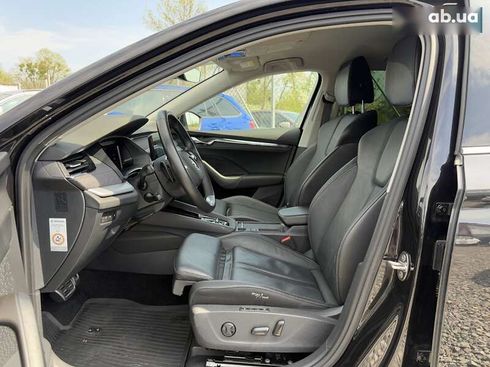 Skoda Octavia 2020 - фото 26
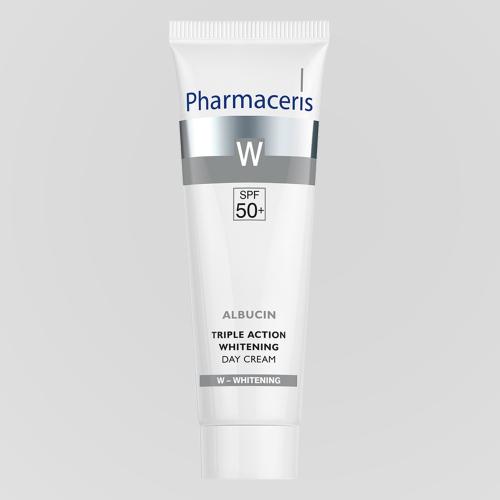 فارم سيرز كريم تفتيح البشرة ثلاثي المفعول من ألبوس...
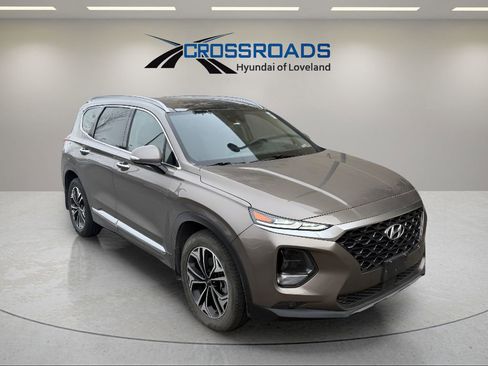 Used 2019 Hyundai Santa Fe AWD image 7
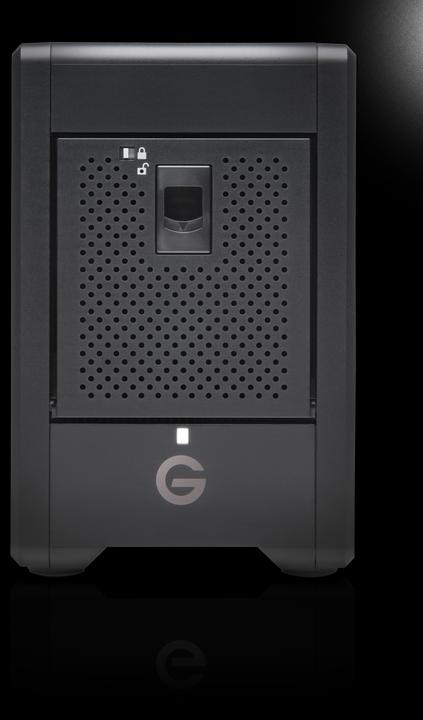 Produktbild SanDisk Professional G-RAID Shuttle 4 (48 TB)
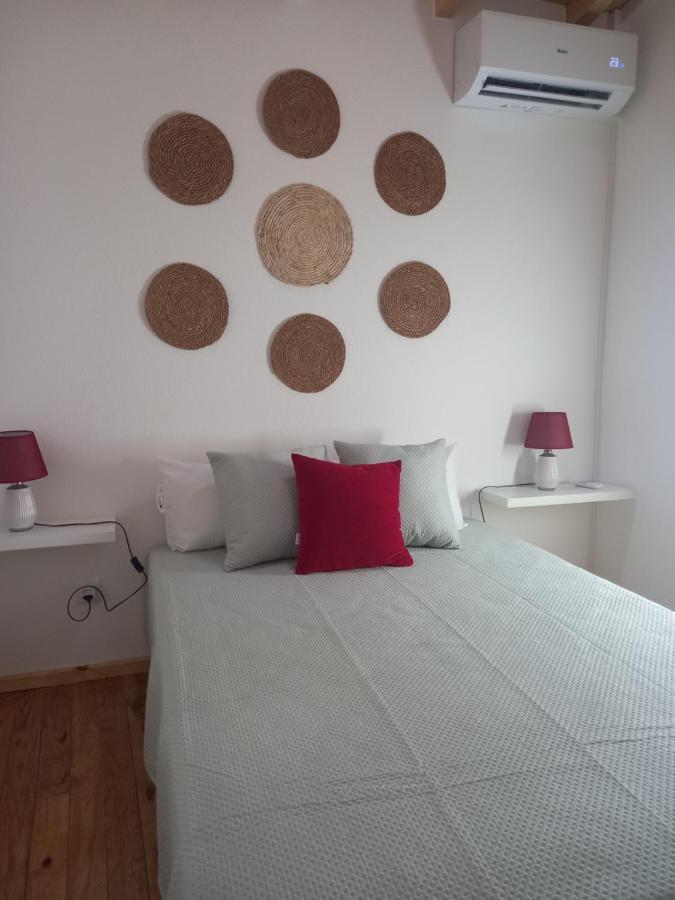 Amieira Do Tejo Guest House Exterior foto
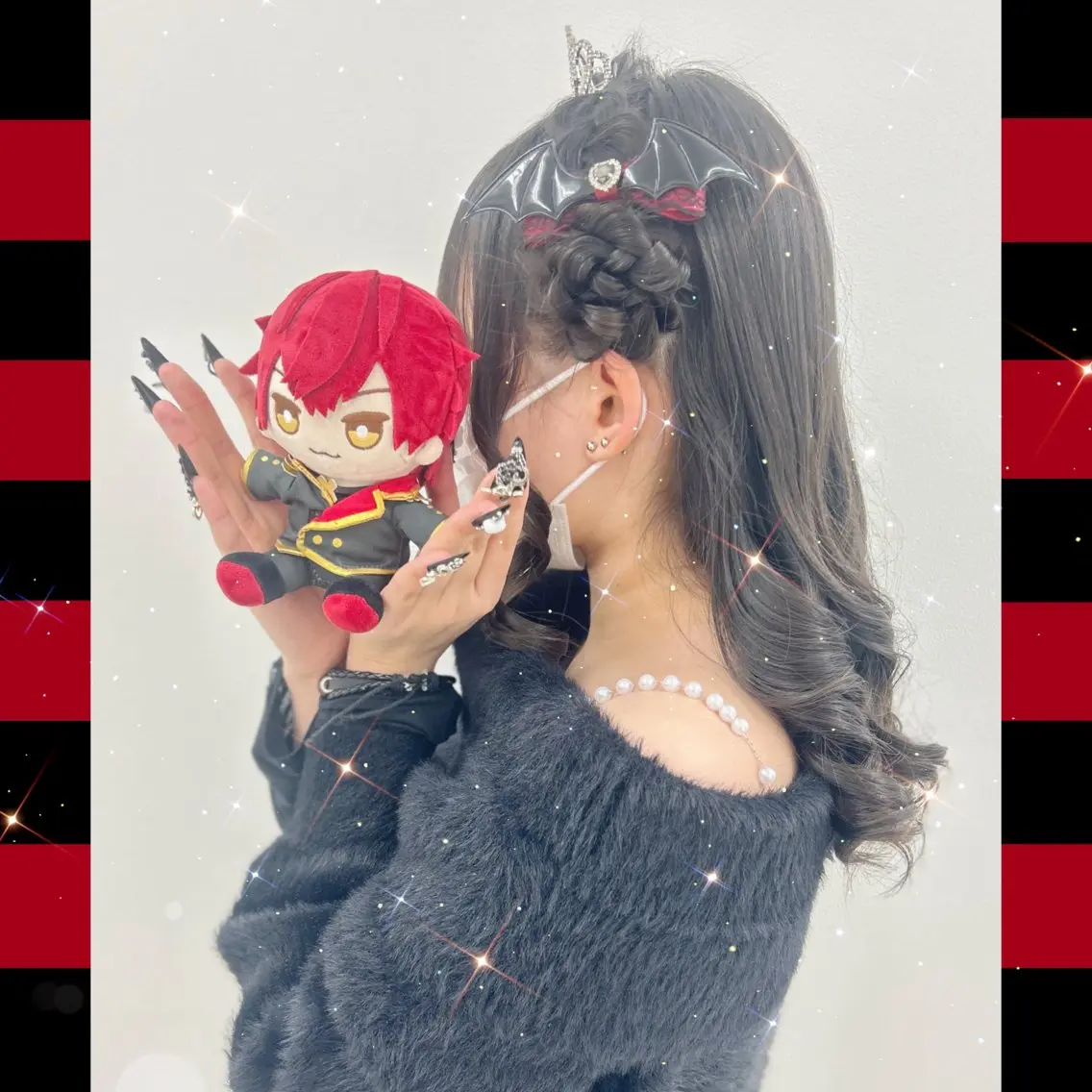ロング 田口 歩果のその他イメージ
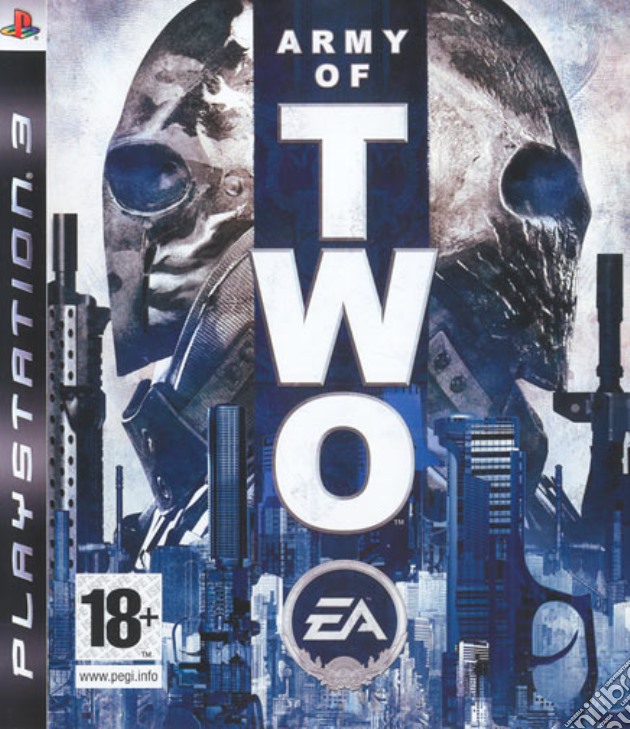 Army Of Two PLT videogame di PS3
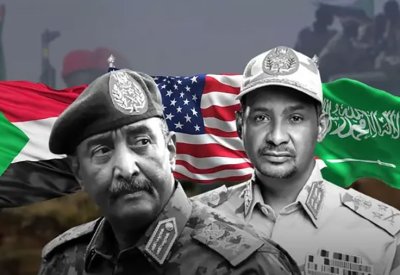 طرفا الصراع بالسودان يستأنفان المحادثات في جدة اليوم
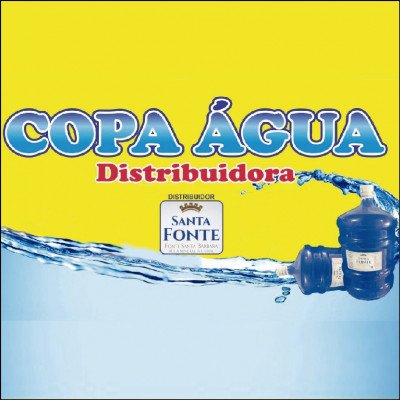 Disk Água Copa Água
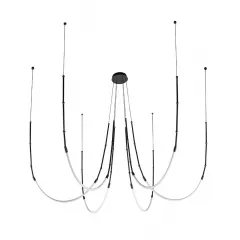 Подвесная люстра Arte Lamp KLIMT A2850SP-42BK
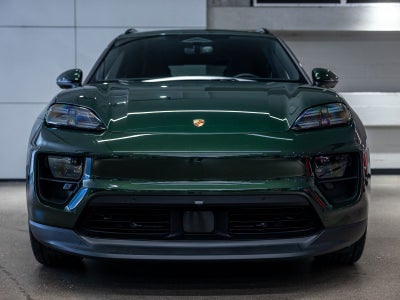 2025 Porsche Macan Electric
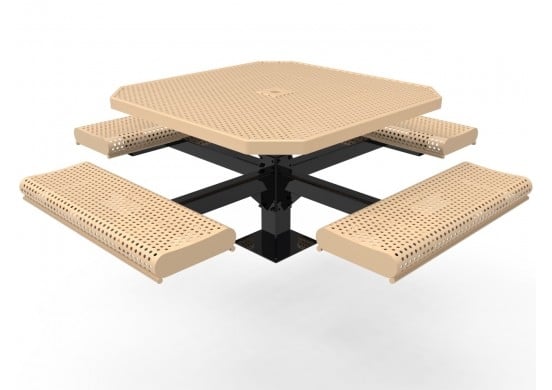 Honeycomb-Steel-Rooted-Octagon-Table-With-Curled-Edges.jpg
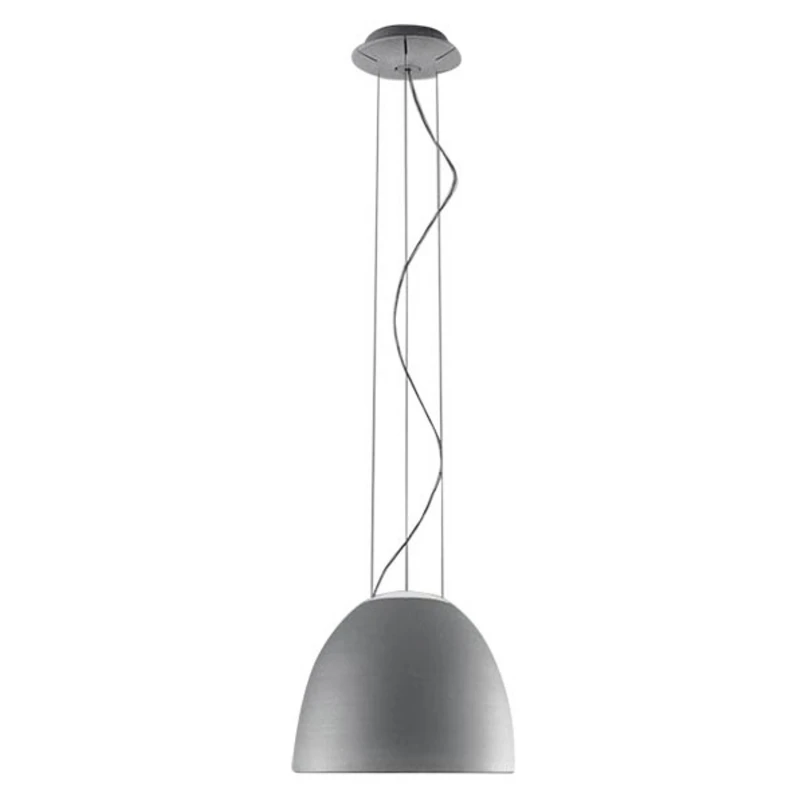 Artemide – Nur Mini LED S Pendelleuchte Alu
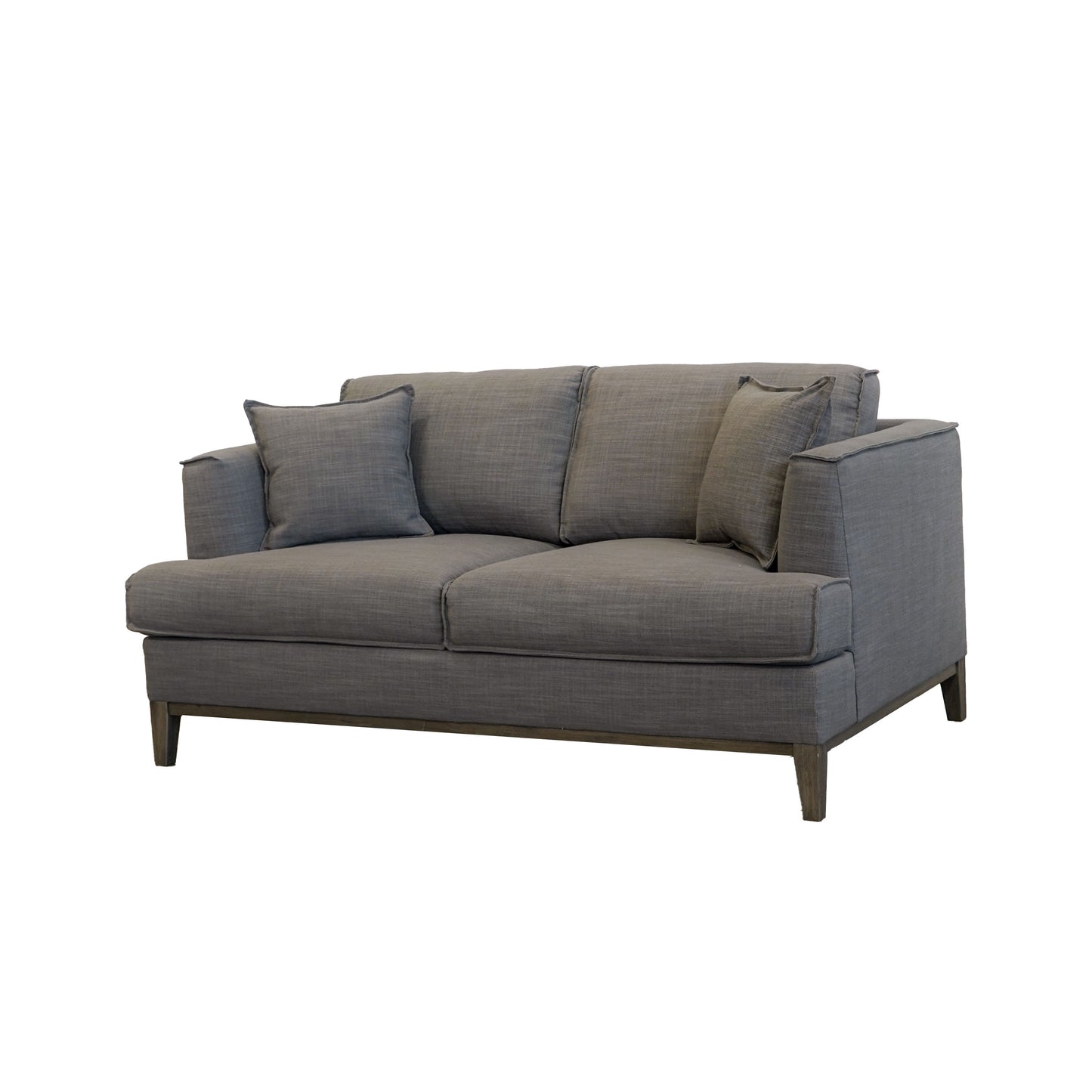 Aspen - Linen Loveseat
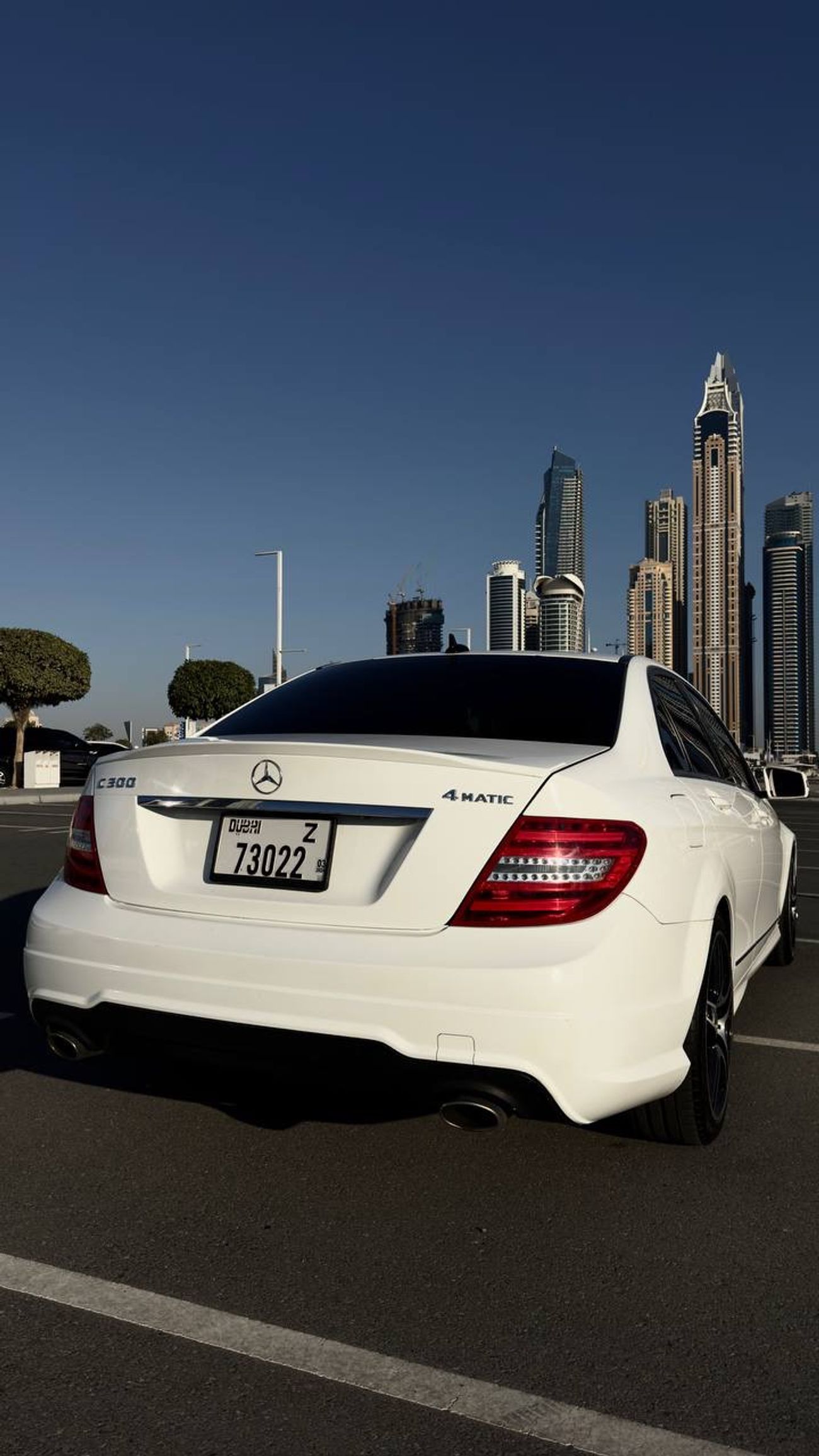 Mercedes-Benz C 300 Std 3.0L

________________

* _EXERCISE_
Repeat each line word for word, from the one with "ロング 田口 歩果のその他イメージ" down to the last line of the data, and keep the pictures out of it.

* _EXERCISE OUTPUT_
ロング 田口 歩果のその他イメージ
 Army Of Two PLT videogame di PS3
 طرفا الصراع بالسودان يستأنفان المحادثات في جدة اليوم
 Disk Água Copa Água
 Подвесная люстра Arte Lamp KLIMT A2850SP-42BK
 2025 Porsche Macan Electric
 Honeycomb-Steel-Rooted-Octagon-Table-With-Curled-Edges.jpg
 Artemide – Nur Mini LED S Pendelleuchte Alu
 Aspen - Linen Loveseat
 Mercedes-Benz C 300 Std 3.0L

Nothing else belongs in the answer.